What to produce: Among the entries below, only the lines from the one with "Milwaukee Weather Normalized" through the one with "odorless | | |" are to be retyped, exactly and without pictures.

The records:

#####

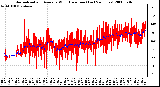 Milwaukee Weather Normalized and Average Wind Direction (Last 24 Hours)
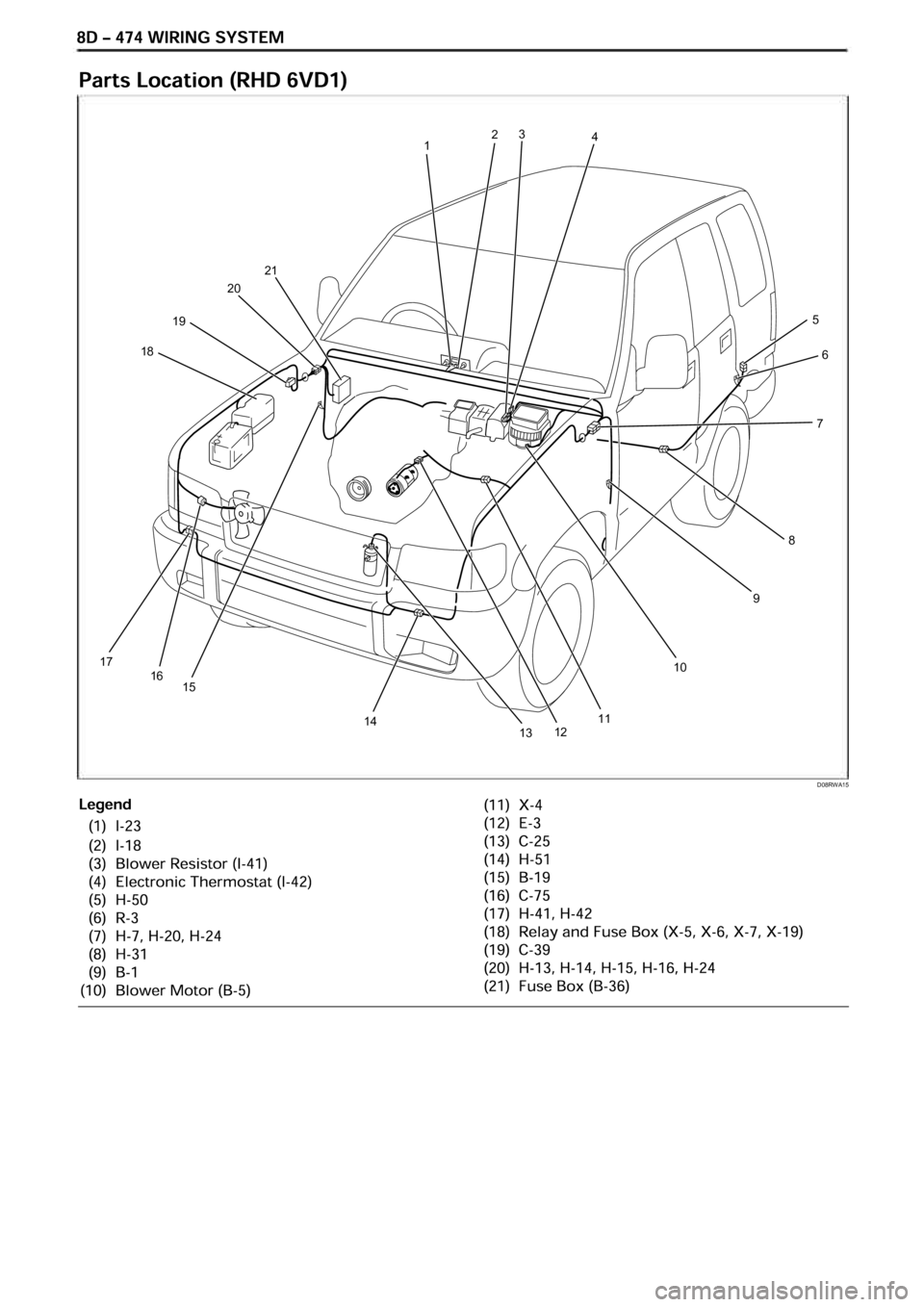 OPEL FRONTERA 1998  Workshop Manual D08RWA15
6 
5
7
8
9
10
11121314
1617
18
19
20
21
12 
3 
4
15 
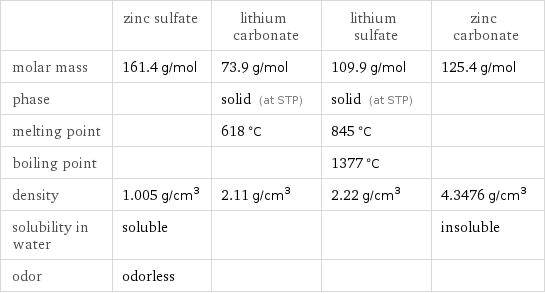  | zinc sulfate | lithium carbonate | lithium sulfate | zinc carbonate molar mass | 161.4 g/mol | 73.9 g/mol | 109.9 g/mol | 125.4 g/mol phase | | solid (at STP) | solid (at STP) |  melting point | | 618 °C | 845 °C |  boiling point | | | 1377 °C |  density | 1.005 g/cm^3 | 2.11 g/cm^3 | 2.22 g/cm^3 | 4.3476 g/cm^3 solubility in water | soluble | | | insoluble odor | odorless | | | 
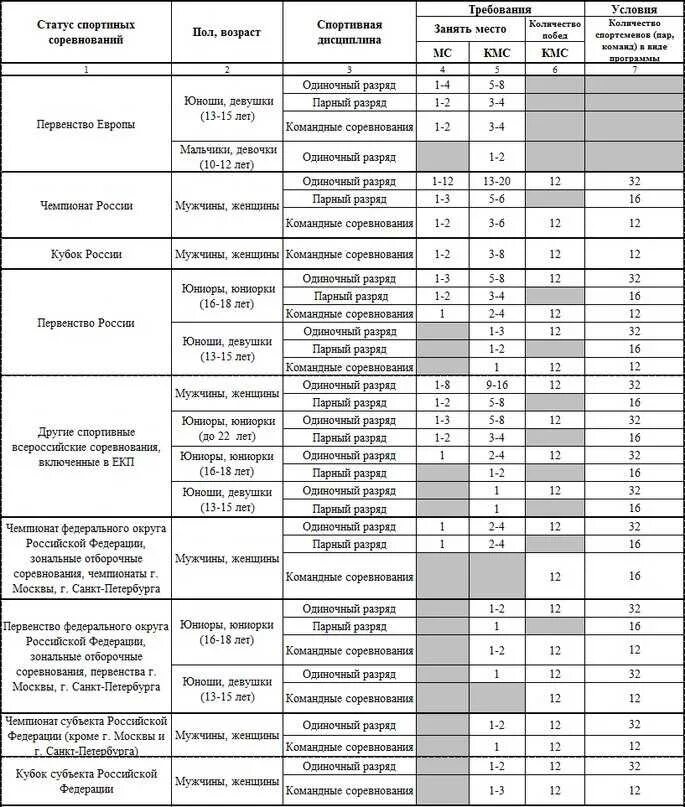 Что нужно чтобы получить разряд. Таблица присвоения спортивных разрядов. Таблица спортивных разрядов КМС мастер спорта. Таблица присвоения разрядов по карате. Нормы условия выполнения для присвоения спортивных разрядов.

#####

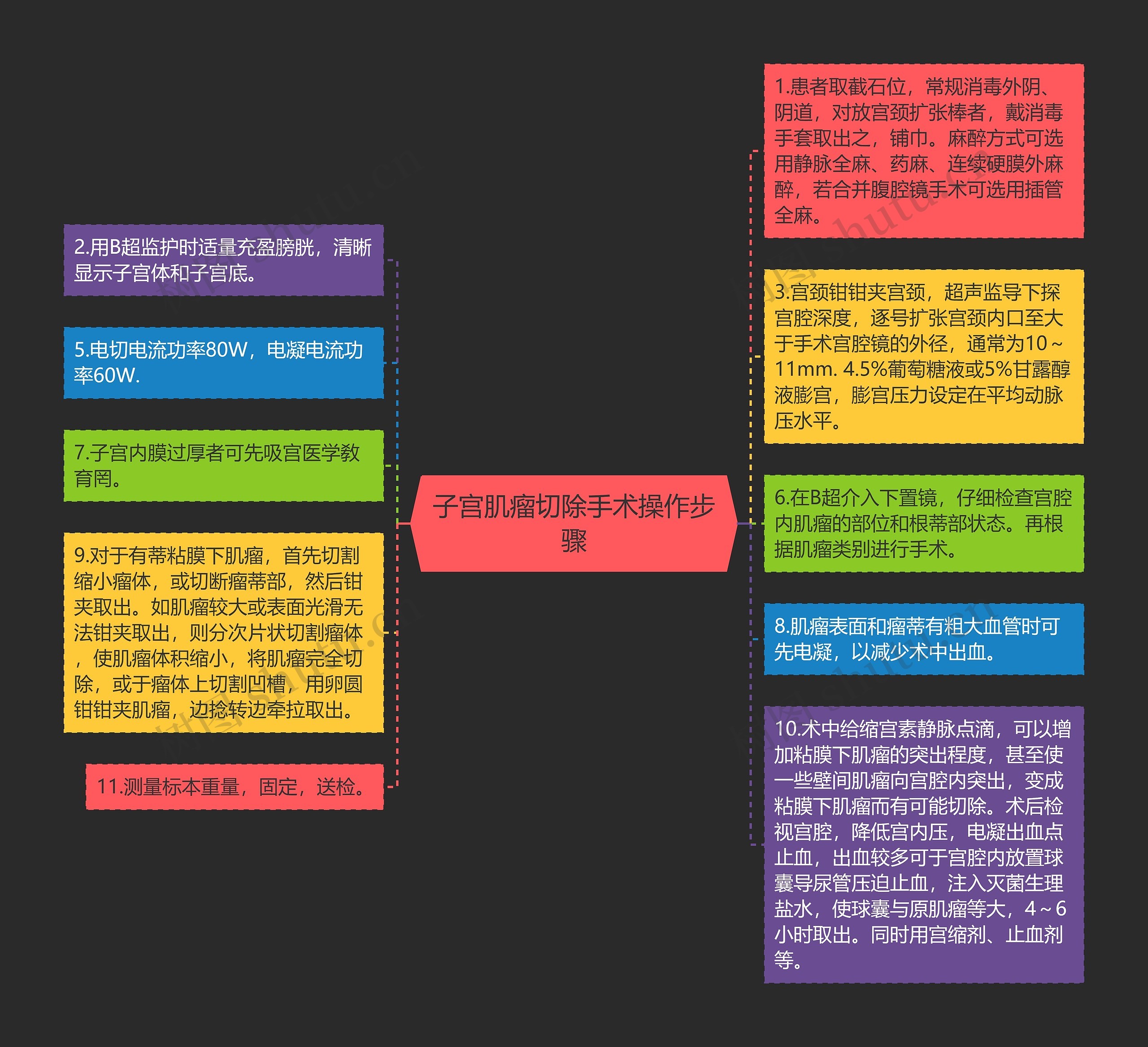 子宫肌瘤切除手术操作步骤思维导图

#####

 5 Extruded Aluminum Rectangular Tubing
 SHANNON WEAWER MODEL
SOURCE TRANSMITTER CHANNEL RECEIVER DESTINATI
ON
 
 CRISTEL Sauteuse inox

#####

Reply to the task:
 Milwaukee Weather Normalized and Average Wind Direction (Last 24 Hours)
 OPEL FRONTERA 1998  Workshop Manual D08RWA15
6 
5
7
8
9
10
11121314
1617
18
19
20
21
12 
3 
4
15 
  | zinc sulfate | lithium carbonate | lithium sulfate | zinc carbonate molar mass | 161.4 g/mol | 73.9 g/mol | 109.9 g/mol | 125.4 g/mol phase | | solid (at STP) | solid (at STP) |  melting point | | 618 °C | 845 °C |  boiling point | | | 1377 °C |  density | 1.005 g/cm^3 | 2.11 g/cm^3 | 2.22 g/cm^3 | 4.3476 g/cm^3 solubility in water | soluble | | | insoluble odor | odorless | | | 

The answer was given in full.